**Material for this exercise**.
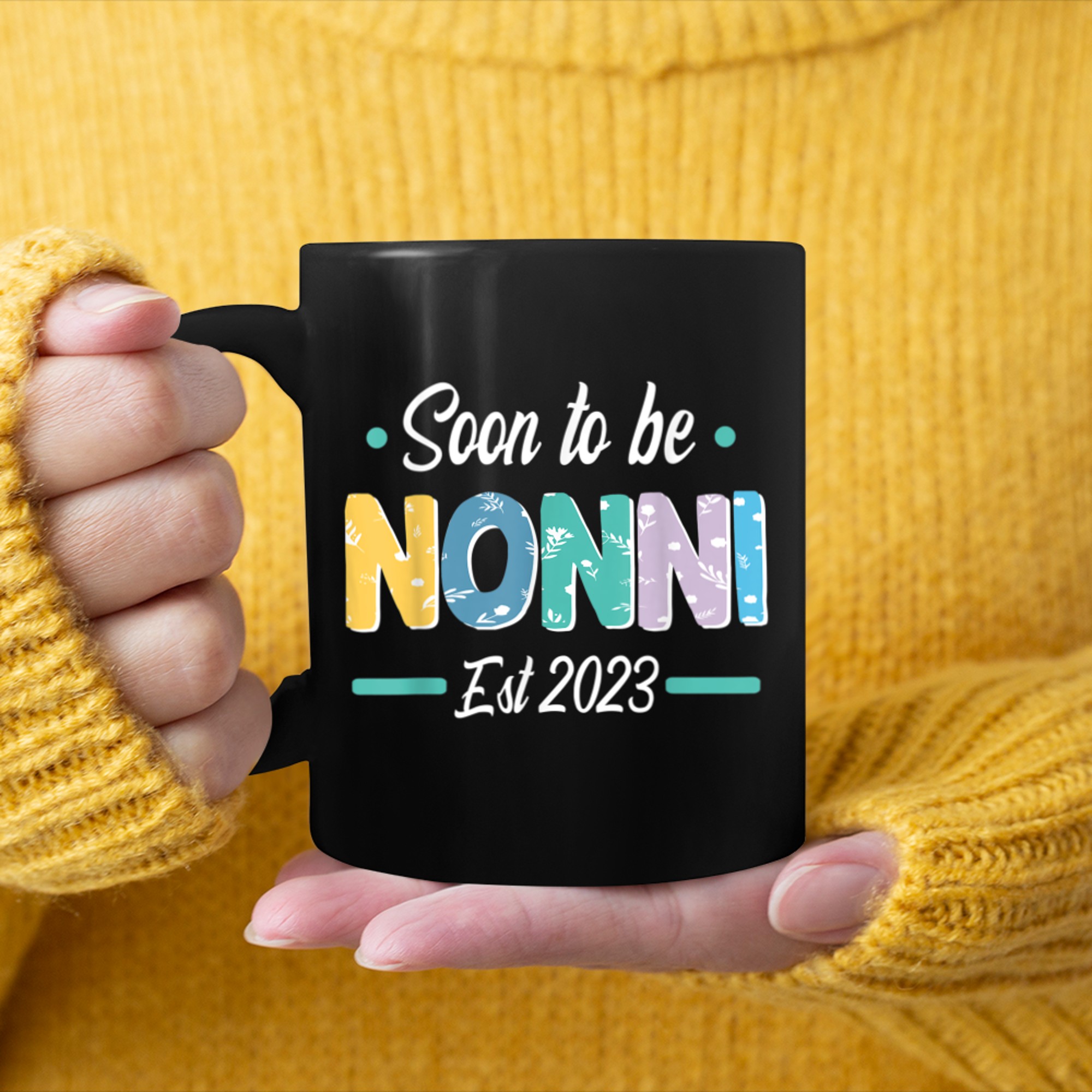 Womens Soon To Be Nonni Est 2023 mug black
...
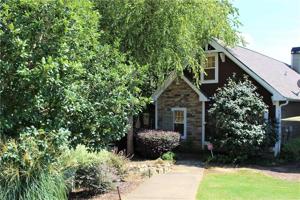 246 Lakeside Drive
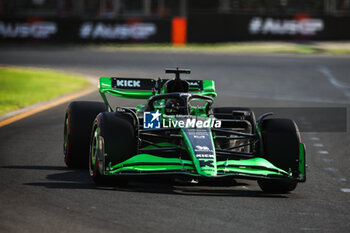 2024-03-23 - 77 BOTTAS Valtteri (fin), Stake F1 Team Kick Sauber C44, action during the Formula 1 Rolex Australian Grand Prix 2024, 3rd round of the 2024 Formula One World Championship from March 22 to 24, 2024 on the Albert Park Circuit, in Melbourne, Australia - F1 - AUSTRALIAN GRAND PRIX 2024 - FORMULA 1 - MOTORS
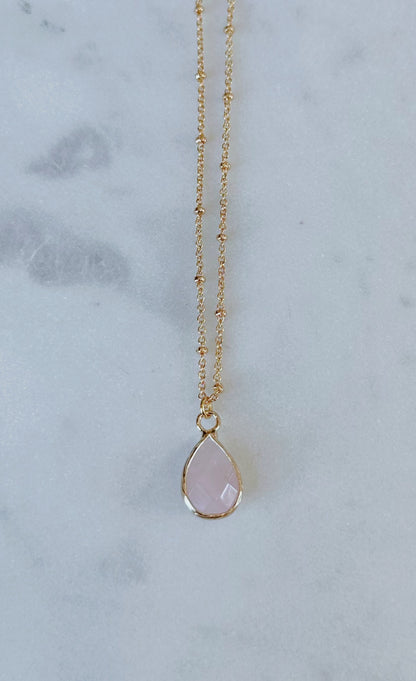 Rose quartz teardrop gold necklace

**What this task involves**. Above are some records. Output exactly the lines from the one that contains "2024-03-23 - 77" to the one that contains "Rose quartz teardrop gold necklace", keeping both, and omit the pictures.

**Answer**.
 2024-03-23 - 77 BOTTAS Valtteri (fin), Stake F1 Team Kick Sauber C44, action during the Formula 1 Rolex Australian Grand Prix 2024, 3rd round of the 2024 Formula One World Championship from March 22 to 24, 2024 on the Albert Park Circuit, in Melbourne, Australia - F1 - AUSTRALIAN GRAND PRIX 2024 - FORMULA 1 - MOTORS
 Rose quartz teardrop gold necklace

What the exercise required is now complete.